In the article, “Department of Labor Regulation for Retirement Plans Is Now in Limbo,” The Wall Street Journal reports that delays in finalizing the Department of Labor’s (DOL) proposed fiduciary rule governing advice in retirement accounts make it vulnerable to being scrapped under the Biden administration. The publication turned to benefits and executive compensation partner Fred Reish for his insight on the DOL’s proposed rule.
The Journal explains that the DOL’s proposal would cause rollovers to be more heavily regulated by requiring brokers and advisers to act in the best interest of clients when recommending rollovers when advisers provide ongoing advice about any of the clients’ retirement assets, rather than just advice for 401(k) plans.
The proposed rule “was a big step that caught the industry off guard,” said Reish. He added, “the conditions are so demanding they got a lot of opposition from broker-dealers and insurers.
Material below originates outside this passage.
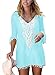 BLENCOT Women's Crochet Chiffon Tassel Swimsuit Bikini Pom Pom Trim Swimwear Beach Cover Up-Light Blue XX-Large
I think that’s why it hasn’t been finalized by now.”
Reish noted that the stricter interpretation — that advisers must act in the best interest of participants when making rollover recommendations — might stand even if the Labor Department’s proposed rule dies.
If the Biden administration does scrap the proposed rule, Reish explained that he expects the Department of Labor to create a more demanding rule than the proposal. “I think somewhere less demanding than the Obamaera rule and more demanding than the Trump approach will probably be their focus,” Reish said.